Copy out the data exactly as it appears, without a single image.

---------- Exercise data ----------

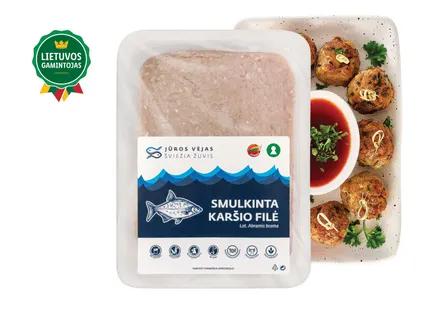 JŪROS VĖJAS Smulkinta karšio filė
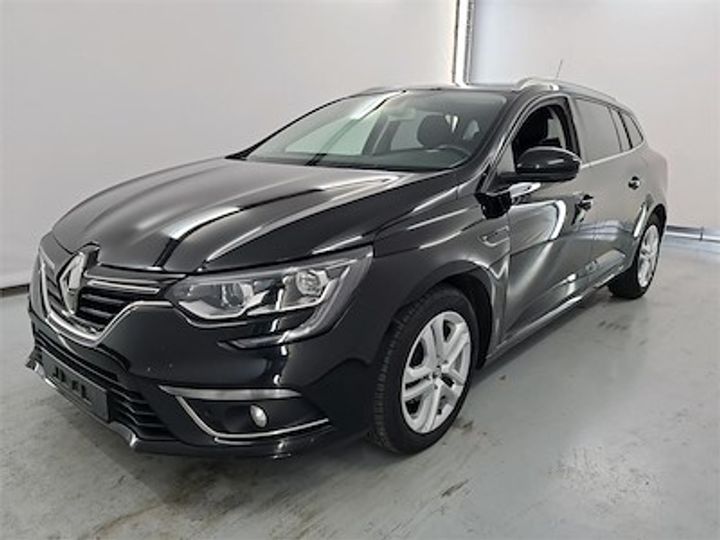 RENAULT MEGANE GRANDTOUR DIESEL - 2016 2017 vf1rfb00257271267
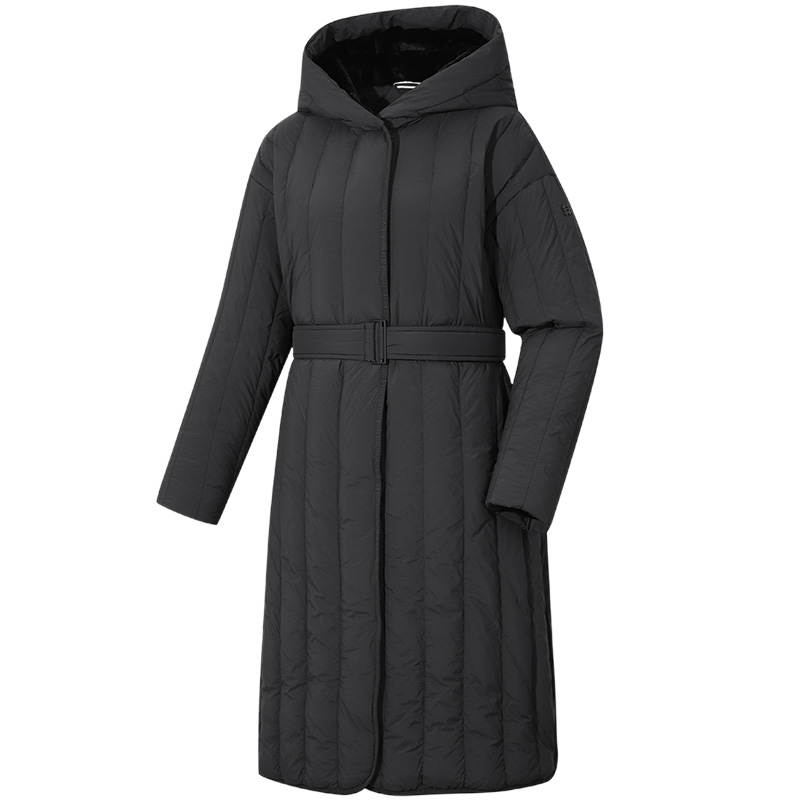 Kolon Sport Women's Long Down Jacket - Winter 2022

----------

> [Answer space]:
 JŪROS VĖJAS Smulkinta karšio filė
 RENAULT MEGANE GRANDTOUR DIESEL - 2016 2017 vf1rfb00257271267
 Kolon Sport Women's Long Down Jacket - Winter 2022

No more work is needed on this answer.